Also, titanium dioxide, which is a highly dispersed crystalline nanoparticle, is prepared, and a lithium titanate precursor which can be prepared at a low temperature is prepared. The lithium titanate precursor is subjected to an ion exchange reaction by acid treatment to form a lithium titanate derivative. Lithium titanate powder (Li ₄ Ti ₅ O ₁₂ ) can be produced.

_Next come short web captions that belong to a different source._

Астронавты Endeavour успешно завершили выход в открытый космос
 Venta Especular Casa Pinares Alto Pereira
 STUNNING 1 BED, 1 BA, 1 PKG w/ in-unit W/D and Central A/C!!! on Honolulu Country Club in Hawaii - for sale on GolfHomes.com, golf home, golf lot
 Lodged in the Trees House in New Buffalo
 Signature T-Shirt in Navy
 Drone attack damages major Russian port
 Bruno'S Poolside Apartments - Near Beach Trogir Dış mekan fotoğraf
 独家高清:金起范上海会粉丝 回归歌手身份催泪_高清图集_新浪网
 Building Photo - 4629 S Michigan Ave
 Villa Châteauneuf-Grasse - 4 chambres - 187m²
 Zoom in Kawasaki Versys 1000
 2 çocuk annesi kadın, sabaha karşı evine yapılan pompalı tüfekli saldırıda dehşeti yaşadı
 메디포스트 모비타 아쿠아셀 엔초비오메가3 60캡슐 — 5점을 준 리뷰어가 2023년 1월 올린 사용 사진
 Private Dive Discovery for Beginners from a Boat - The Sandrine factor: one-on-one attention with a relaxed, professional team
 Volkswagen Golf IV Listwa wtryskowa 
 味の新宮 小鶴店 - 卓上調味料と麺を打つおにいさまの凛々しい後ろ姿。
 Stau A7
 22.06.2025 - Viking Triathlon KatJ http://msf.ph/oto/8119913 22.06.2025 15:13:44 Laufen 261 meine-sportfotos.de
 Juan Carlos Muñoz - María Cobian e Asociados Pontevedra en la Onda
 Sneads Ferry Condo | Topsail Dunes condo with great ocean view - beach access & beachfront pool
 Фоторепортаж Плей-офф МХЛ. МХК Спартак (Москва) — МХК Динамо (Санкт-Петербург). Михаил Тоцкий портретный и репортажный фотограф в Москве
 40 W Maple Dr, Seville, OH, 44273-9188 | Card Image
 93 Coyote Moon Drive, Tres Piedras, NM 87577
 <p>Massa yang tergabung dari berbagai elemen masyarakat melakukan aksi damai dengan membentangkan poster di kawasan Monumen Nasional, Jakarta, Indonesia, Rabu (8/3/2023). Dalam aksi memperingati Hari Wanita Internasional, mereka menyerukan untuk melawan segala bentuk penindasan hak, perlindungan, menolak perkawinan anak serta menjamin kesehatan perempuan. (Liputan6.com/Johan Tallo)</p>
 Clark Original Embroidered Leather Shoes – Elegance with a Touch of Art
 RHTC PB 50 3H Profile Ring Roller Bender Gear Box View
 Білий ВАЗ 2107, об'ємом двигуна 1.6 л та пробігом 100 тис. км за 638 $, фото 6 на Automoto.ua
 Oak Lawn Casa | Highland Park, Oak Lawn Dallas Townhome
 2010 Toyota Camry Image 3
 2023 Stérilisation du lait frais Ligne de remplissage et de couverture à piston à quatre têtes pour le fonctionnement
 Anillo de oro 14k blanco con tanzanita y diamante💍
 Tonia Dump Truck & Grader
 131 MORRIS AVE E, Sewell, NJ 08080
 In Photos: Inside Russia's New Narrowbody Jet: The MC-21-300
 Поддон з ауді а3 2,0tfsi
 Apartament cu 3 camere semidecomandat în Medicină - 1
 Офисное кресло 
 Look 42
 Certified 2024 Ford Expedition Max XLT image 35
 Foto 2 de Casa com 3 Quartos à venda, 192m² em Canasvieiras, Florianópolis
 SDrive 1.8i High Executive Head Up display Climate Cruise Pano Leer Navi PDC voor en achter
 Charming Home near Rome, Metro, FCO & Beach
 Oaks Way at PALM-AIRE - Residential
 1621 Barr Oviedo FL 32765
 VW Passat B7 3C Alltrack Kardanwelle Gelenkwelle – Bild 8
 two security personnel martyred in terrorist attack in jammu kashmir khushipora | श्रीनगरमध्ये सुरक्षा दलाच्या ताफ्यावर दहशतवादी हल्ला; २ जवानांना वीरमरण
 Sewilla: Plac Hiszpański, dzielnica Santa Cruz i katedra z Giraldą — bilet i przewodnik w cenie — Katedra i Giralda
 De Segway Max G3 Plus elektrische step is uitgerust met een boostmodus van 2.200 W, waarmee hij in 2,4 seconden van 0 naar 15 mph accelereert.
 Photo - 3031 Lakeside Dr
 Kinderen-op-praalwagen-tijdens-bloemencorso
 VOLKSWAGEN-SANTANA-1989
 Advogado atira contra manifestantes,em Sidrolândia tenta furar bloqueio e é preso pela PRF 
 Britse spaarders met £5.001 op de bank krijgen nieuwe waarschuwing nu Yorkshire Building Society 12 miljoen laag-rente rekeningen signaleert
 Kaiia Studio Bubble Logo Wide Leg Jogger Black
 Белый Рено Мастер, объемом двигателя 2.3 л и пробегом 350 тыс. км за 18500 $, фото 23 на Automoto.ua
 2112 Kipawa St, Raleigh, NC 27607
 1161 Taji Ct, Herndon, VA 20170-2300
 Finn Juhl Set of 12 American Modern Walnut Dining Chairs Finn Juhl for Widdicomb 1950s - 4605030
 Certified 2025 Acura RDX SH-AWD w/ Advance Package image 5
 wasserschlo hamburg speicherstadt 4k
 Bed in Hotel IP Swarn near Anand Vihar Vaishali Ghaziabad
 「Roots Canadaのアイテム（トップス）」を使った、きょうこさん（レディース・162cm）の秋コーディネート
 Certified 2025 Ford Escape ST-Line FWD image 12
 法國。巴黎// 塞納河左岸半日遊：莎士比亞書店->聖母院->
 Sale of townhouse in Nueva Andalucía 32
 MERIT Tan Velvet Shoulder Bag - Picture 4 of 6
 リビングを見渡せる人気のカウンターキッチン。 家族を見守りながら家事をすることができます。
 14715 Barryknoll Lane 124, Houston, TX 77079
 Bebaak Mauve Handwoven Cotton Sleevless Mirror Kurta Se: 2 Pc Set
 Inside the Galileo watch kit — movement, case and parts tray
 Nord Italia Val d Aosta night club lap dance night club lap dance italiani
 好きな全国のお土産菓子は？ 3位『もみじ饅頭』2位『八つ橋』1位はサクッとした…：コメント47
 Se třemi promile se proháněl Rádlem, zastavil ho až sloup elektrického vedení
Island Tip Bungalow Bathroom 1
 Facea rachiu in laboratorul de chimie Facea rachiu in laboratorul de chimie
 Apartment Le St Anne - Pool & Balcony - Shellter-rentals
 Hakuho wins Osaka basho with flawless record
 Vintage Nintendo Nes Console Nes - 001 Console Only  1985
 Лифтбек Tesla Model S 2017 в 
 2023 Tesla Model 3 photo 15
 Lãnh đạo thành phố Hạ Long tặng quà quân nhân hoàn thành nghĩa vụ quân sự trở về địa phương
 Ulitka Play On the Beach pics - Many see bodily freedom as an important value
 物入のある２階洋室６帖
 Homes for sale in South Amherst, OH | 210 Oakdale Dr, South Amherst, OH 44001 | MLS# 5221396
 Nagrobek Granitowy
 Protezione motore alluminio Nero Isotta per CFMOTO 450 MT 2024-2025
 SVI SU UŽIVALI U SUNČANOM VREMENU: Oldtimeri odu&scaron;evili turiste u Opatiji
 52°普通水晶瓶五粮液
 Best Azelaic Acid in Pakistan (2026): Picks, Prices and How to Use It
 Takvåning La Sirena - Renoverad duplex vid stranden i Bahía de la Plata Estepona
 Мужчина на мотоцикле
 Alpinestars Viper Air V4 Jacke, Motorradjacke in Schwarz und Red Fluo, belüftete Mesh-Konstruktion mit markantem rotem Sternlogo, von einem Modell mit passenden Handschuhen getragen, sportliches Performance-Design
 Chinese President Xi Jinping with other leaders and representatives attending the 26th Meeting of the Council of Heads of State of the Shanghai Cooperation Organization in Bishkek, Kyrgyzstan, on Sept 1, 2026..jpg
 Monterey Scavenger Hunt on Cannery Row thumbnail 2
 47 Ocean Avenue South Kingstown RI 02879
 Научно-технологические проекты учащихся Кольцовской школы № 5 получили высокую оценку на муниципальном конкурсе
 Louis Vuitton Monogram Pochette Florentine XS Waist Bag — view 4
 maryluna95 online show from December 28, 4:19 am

In addition, the lithium titanate powder (Li ₄ Ti ₅ O ₁₂ ) produced at a low calcination temperature condition retains the characteristics of highly dispersed titanium oxide and has a small particle size and a large specific surface area, A high performance cathode material can be manufactured.

FIG. 1 is a flowchart showing a process sequence of a method for producing lithium titanium oxide for a cathode material according to an embodiment of the present invention.
2 is a schematic diagram showing a rough process of a method for producing lithium titanium oxide for a cathode material according to an embodiment of the present invention.
FIG. 3 is a graph showing the results of X-ray diffraction analysis of titanium oxides, lithium titanate precursors and derivatives prepared by hydrothermal synthesis of titanium oxysulfate (TiOSO ₄ ) in the process for producing lithium titanium oxide for an anode material according to an embodiment of the present invention Fig.
FIG. 4 is an X-ray diffraction analysis graph of lithium titanate (LTO) according to H: Li ratio in an ion exchange reaction according to an acid treatment in a lithium titanium oxide production method for an anode material according to an embodiment of the present invention.
5 is an X-ray diffraction analysis graph of lithium titanate (LTO) according to calcination temperature of a lithium titanate derivative in a method for producing lithium titanium oxide for an anode material according to an embodiment of the present invention.
FIG. 6 is a scanning electron microscope (SEM) image of lithium titanate prepared by using titanium oxide, lithium titanate precursor, lithium titanate, and conventional solid phase reaction in a method for producing lithium titanium oxide for an anode material according to an embodiment of the present invention.
7 is a graph showing the current-potential of a lithium titanate powder by cyclic voltammetry in a method for producing lithium titanium oxide for an anode material according to an embodiment of the present invention.
FIG. 8 is a graph showing the results of charging and discharging lithium titanate powder in a lithium ion battery according to an embodiment of the present invention. FIG.

Hereinafter, preferred embodiments of the present invention will be described in detail with reference to the accompanying drawings.

BRIEF DESCRIPTION OF THE DRAWINGS The advantages and features of the present invention and the manner of achieving it will become apparent with reference to the embodiments described in detail below with reference to the accompanying drawings.

The present invention may, however, be embodied in many different forms and should not be construed as limited to the embodiments set forth herein. Rather, these embodiments are provided so that this disclosure will be thorough and complete, and will fully convey the scope of the invention to those skilled in the art. To fully disclose the scope of the invention to those skilled in the art, and the invention is only defined by the scope of the claims.

In the following description, well-known functions or constructions are not described in detail since they would obscure the invention in unnecessary detail.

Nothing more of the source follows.